"""Reusable linear regression utilities for activation analysis."""

# pylint: disable=all # Temporarily disable all pylint checkers during AST traversal to prevent crash.
# The imports checker crashes when resolving fwh_core package imports due to a bug
# in pylint/astroid: https://github.com/pylint-dev/pylint/issues/10185
# pylint: enable=all # Re-enable all pylint checkers for the checking phase. This allows other checks
# (code quality, style, undefined names, etc.) to run normally while bypassing
# the problematic imports checker that would crash during AST traversal.

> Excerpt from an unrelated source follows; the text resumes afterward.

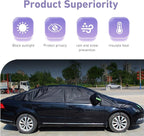 Half Car Cover, Thickened Oxford Waterproof Windshield Cover, All-Season Foldable Protective Shield for Rain Ice Snow Sand Leaves, for Most Sedans (Black, 17Ft Long)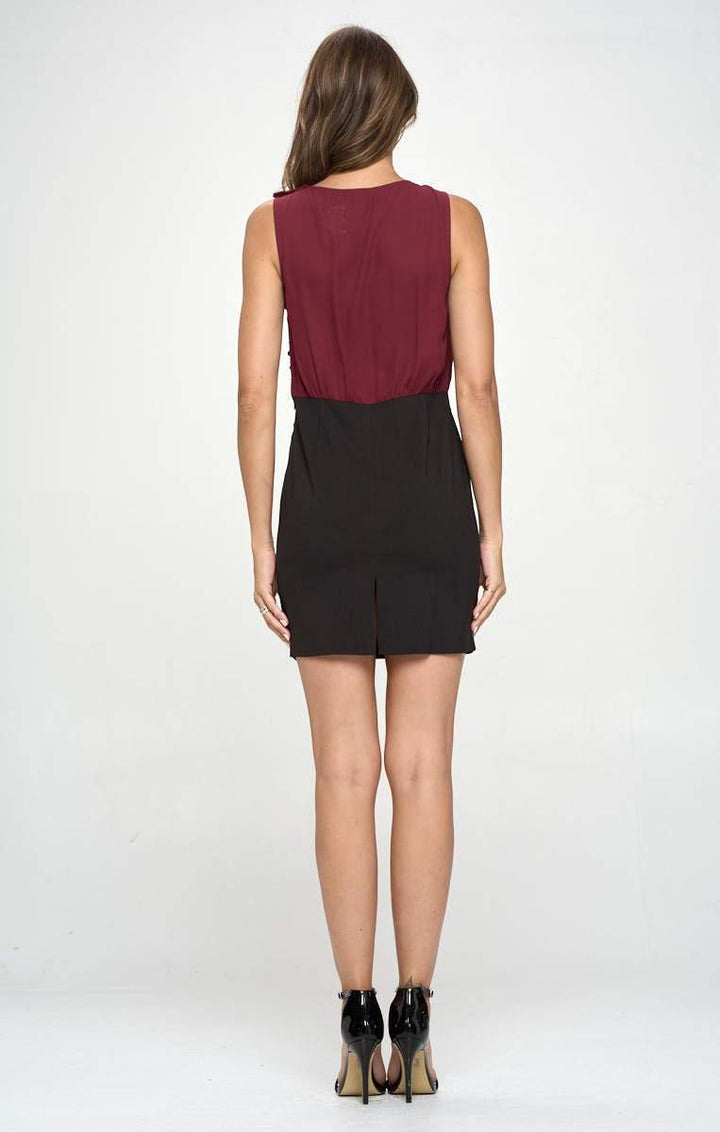 Two Tone Color Block Sleeveless Dress - Brand My Case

from __future__ import annotations

import itertools
from collections.abc import Callable, Mapping, Sequence
from typing import Any

import jax
import jax.numpy as jnp
import numpy as np
from jax.debug import callback

from fwh_core.analysis.normalization import normalize_weights, standardize_features, standardize_targets
from fwh_core.logger import FWH_CORE_LOGGER


def _design_matrix(x: jax.Array, fit_intercept: bool) -> jax.Array:
    if fit_intercept:
        ones = jnp.ones((x.shape[0], 1), dtype=x.dtype)
        return jnp.concatenate([ones, x], axis=1)
    return x


def _regression_metrics(
    predictions: jax.Array,
    targets: jax.Array,
    weights: jax.Array,
) -> Mapping[str, float]:
    residuals = predictions - targets
    weighted_sq_residuals = residuals**2 * weights[:, None]
    mse = jnp.sum(weighted_sq_residuals, axis=0)
    rmse = jnp.sqrt(mse)
    mae = jnp.sum(jnp.abs(residuals) * weights[:, None], axis=0)
    weighted_ss_res = float(weighted_sq_residuals.sum())
    target_mean = jnp.sum(targets * weights[:, None], axis=0)
    weighted_ss_tot = jnp.sum((targets - target_mean) ** 2 * weights[:, None])
    r2 = 1.0 - (weighted_ss_res / float(weighted_ss_tot)) if float(weighted_ss_tot) > 0 else 0.0
    dists = jnp.sqrt(jnp.sum(residuals**2, axis=1))
    dist = float(jnp.sum(dists * weights))
    # RMSE and MAE are returned as means over target dimensions
    # rather than sums to keep consistent with R²
    return {
        "r2": float(r2),
        "rmse": float(rmse.mean()),
        "mae": float(mae.mean()),
        "dist": dist,
    }


def linear_regression(
    x: jax.Array,
    y: jax.Array,
    weights: jax.Array | np.ndarray | None,
    *,
    fit_intercept: bool = True,
) -> tuple[Mapping[str, float], Mapping[str, jax.Array]]:
    """Weighted linear regression using a closed-form least squares solution."""
    x_arr = standardize_features(x)
    y_arr = standardize_targets(y)
    if x_arr.shape[0] != y_arr.shape[0]:
        raise ValueError("Features and targets must share the same first dimension")
    if x_arr.shape[0] == 0:
        raise ValueError("At least one sample is required")
    w_arr = normalize_weights(weights, x_arr.shape[0])
    if w_arr is None:
        w_arr = jnp.ones(x_arr.shape[0], dtype=x_arr.dtype) / x_arr.shape[0]
    design = _design_matrix(x_arr, fit_intercept)
    sqrt_w = jnp.sqrt(w_arr)[:, None]
    weighted_design = design * sqrt_w
    weighted_targets = y_arr * sqrt_w
    beta, _, _, _ = jnp.linalg.lstsq(weighted_design, weighted_targets, rcond=None)
    predictions = design @ beta
    scalars = _regression_metrics(predictions, y_arr, w_arr)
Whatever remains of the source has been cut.